Seri katil – D20Haber
19.04.2024, Cuma
11 °C / 27 °C Denizli Hava Durumu

Seri katil

A- A+

Dünya, son yıllardaki en acımasız seri katille karşı karşıya.
Bulaşıcı,
Ölümcül,
Ve çok çeşitli.
Bazen SARS, bazen ebola, bazen domuz gribi olarak sızıyor bedenlere.
Bu kez yeni coronavirüs (COVID-19) gözle göremediğimiz caninin ismi.

Girdiği ülkeyi darmadağın ediyor.
Bu satırları yazarken sadece İtalya’da ölü sayısı 10 bini geçmişti.
Bilim insanları Britanya’da bu virüsten hayatını kaybedenlerin sayısının 20 binin altında tutulmasının başarı sayılacağını söylüyor.

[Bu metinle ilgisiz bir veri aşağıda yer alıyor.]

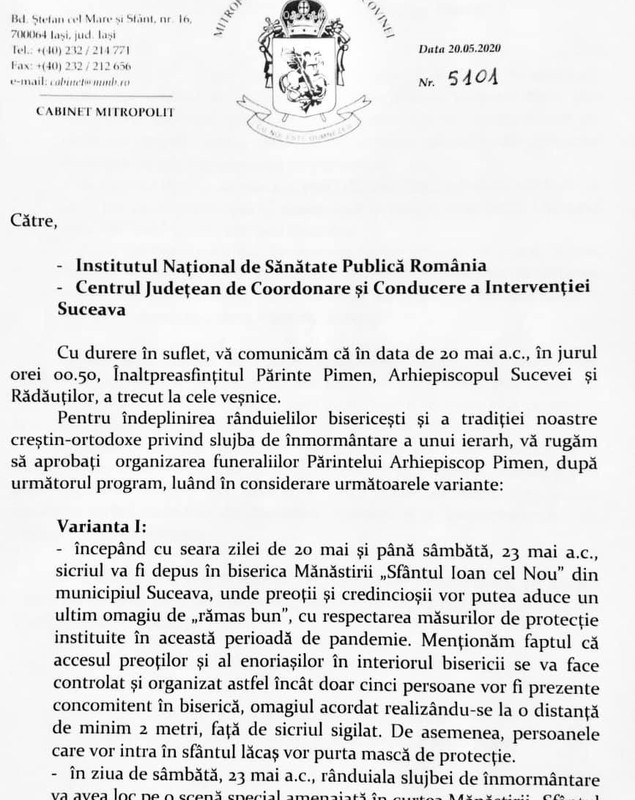 Instituția lui Arafat anunță că acordul pentru funeraliile lui Pimen nu a prevăzut și o derogare de la normele de sănătate publică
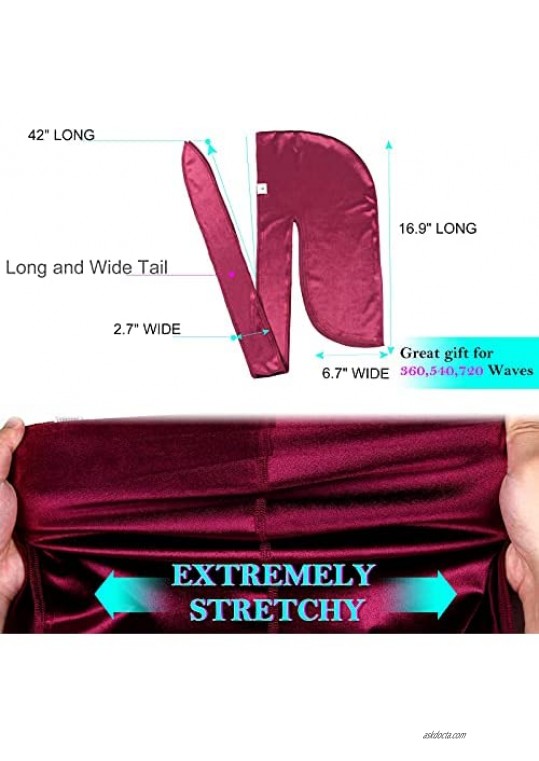 YANIBEST Velvet Durag for Men 2 Pack Soft Velvet Fabric Extra Long Tail and Wide Straps Headwraps for Women Men 360 Waves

Türkiye’de de can kayıpları giderek artıyor.
Dün itibariyle yaşamını yitirenlerin sayısı 108.
Önlemlerde geç kalınsa bile hala şansımız var.
Yolu da radikal kararlarda.

Virüsün taşıyıcısı kim?
İnsan!
Ya yaya olarak ya da toplu taşıma araçlarıyla bir yerden bir yere ulaşıyorlar.
Sadece kendileri gitmiyor, kaçınılmaz olarak beraberlerinde biyolojik silahtan farksız olan virüsü de götürüyorlar.

Örneğin ücra köşedeki mahallelerde ikamet edenler hala en şanslı olanlar.
Ama bir şeyleri bahane edip kimileri ilçeye, kimileri kente geliyor.
Peki geri dönüş boş mu?
Yani virüs götürdü mü?
Bilen yok.
Acısı yeni yeni çıkacak.

Anlaşıldı ki “#evdekal” demekle kalınmayacak.
Çünkü vatandaşımız virüsün kendisine bulaşmasından çok, bir ölüm haberi aldığında bunun coronavirüsten olup olmadığıyla ilgili merakını gidermeye çalışıyor.
Öyleyse daha ciddi yasaklar gerekli.
Bakın bunu kamu eliyle yapmasak bile, Acıpayamlı minibüsçüler kendilerince yapabileceklerini yapıyor.
Aldıkları karar net:
DENİZLİ’YE GİTMİYORUZ!

Çivril’den Denizli’ye,
Denizli’den Tavas’a,
Babadağ’dan Sarayköy’e,
Turizm hareketliliğinin yaşandığı Karahayıt ve Pamukkale’den kente...
Bir mahalleden diğerine git gelleri önlemezsek, bir hafta sonra bugünleri de ararız.
O halde kamu otoritesi, ilçeler ile il merkezinin...
Mahalleler ile ilçe merkezlerinin bağlantısını kesecek kararı alıp, uygulamaya koymak zorunda.
Minibüsçü esnafı “Denizli’ye gitmiyorum” kararını alabilecek kadar yürekli davranıyorsa, böyle bir kararı alıp uygulamanın altyapısı hazır demektir.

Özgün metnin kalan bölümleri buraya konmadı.